Removing baseboard heaters is usually tricky, especially depending on the type of heater you have and some other circumstances around its installation. It is something that lots of us need to do, however, as older homes and buildings usually have either hot water or electric baseboard heating systems that might be outdated if they are too old.
So, how to remove baseboard heaters? Here’s our quick guide.
How to remove electric baseboard heaters?
Also referred to as radiant heaters, these devices pass electricity through a heating element which then warms the surrounding air. To remove them you’ll want to follow these steps:
- Turn off the circuit breaker that powers the baseboard heater.
- Find the junction box of the heater where all the wires are connected. This will be on either side of each individual wall unit.
- Use a voltmeter to make sure the terminals inside the junction box are void of power.
- Use a Philips screwdriver to unscrew the terminal screws and pull the wires off the screws.
- Check the bottom of the heater for screws and remove them as well.
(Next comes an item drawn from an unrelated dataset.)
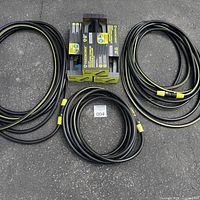 Three boxed Yardworks sprinklers between coiled black/yellow hoses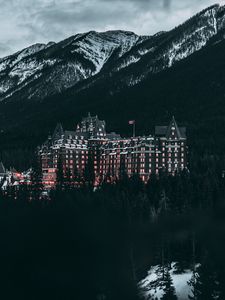 Preview wallpaper castle, mountains, trees, snow, winter, canada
- Using a putty knife, separate the heater from the wall it’s wedged in.
- Start meticulously removing all wires and piping from the walls if there are any. Sometimes you’ll be able to do this by pulling them through the holes of the heaters, other times you might be forced to create extra openings in your walls – it varies depending on your situation.
How to remove hot water baseboard heaters?
Knowing how to remove hot water baseboard heater from walls is a tad more complicated than removing electric heaters as it requires some plumbing skills. Unless you’re 100% certain that you know what you’re doing we’d recommend contacting a professional for help. Still, here are the basic steps to follow:
- Identify whether the heater is circulating hot water, steam or oil. Steam requires more competence at pipe fitting.
- Determine what the sequence that the radiators are connected in is.
- Drain the boiler system that supplies the radiator heaters and cut out the return and supply pipes from the baseboard units to avoid spillage. Plumb the supply pipes to the return pipes and cap the supply pipes.
- Inspect the entire system and decide which baseboard units you want to remove and which you’ll use for your future installation.
- Unscrew the baseboard units you want to remove both at the front and from below.
- Remove the baseboard units and the capped pipes carefully. How you do this will depend on your home’s installation and you might have to compromise some of your home’s walls for the time being.
- Again, consider getting professional help before you start. Hot water heaters require more effort to remove and they are much riskier to remove in terms of leaks and flooding.